Another incident in which Israeli forces violated these principles occurred on August 17, when Israeli border police killed Muhammed Bassam Amsha, 25, from Kafr Ra'i in the district of Jenin, as passed through the Zaatara checkpoint. While Israeli police claimed Amsha was carrying a knife and attempted to stab an Israeli soldier, eyewitnesses report they did not see the man with any knives. On the following day, Israeli forces stormed Amsha’s house, claiming they had photos showing him carrying a knife before being shot. However, when his father asked to see the photos, the Israeli officer refused. On July 23, Israeli forces killed Falah Hamdi Zamel Abumaria, 53, from the village of Beit Amr in Hebron. Soldiers stormed his house to detain his son, Muhammad; when they shot the younger man, Abumaria panicked and threw a pottery vase at the soldiers from his balcony.
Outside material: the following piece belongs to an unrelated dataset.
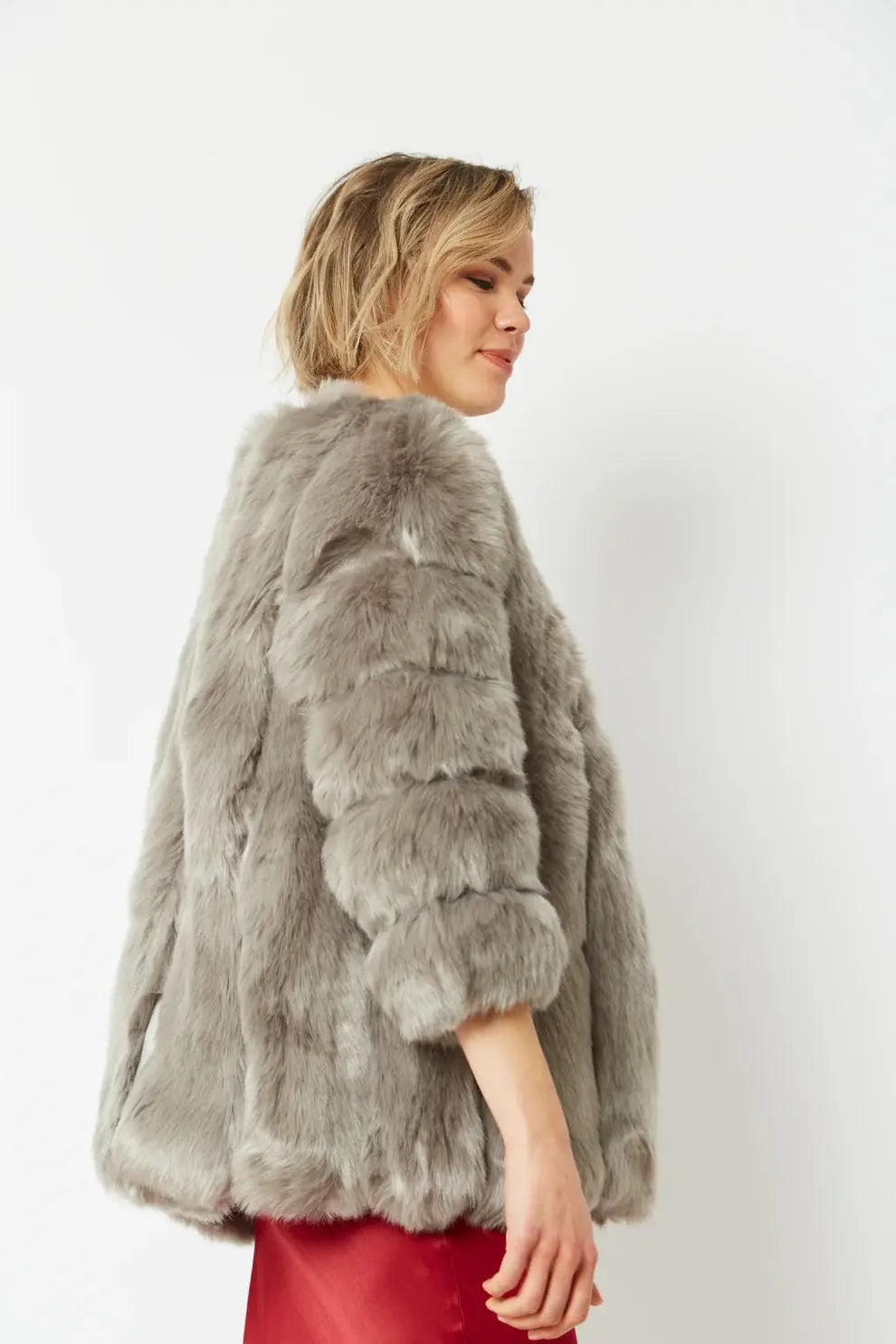 Grey Faux Fur Coat-3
The soldiers responded by firing three live bullets at his chest. Israeli authorities claim the family refused to hand over their son and attacked the soldiers. However, according to Haidar Abumaria, Falah's other son, the soldiers beat and shot Muhammed as soon as they arrived at the house, critically injuring him. Falah then started cursing the soldiers and demanding that they leave the house. He was shot in the chest and soldiers prevented ambulances from reaching him before he died. Call to action
The Geneva Conventions and the Principles on the Effective Prevention and Investigation of Extra-legal, Arbitrary and Summary Executions state, "there shall be a thorough, prompt and impartial investigation of all suspected cases of extra-legal, arbitrary and summary executions.” The Euro-Mediterranean Human Rights Monitor calls on Israeli authorities to open a credible and transparent investigation into these incidents, and to bring the perpetrators to justice. Ignoring such incidents gives a green light to other perpetrators and signals a complete disregard for human life. Moreover, the organization calls on the state parties to the Geneva Convention to take concrete steps to pressure Israel to comply with international law. Moreover, the organization invites the two UN Special Rapporteurs charged with extrajudicial and arbitrary executions and human rights in the Palestinian territories to visit the region and open an investigation into the incidents described in this report.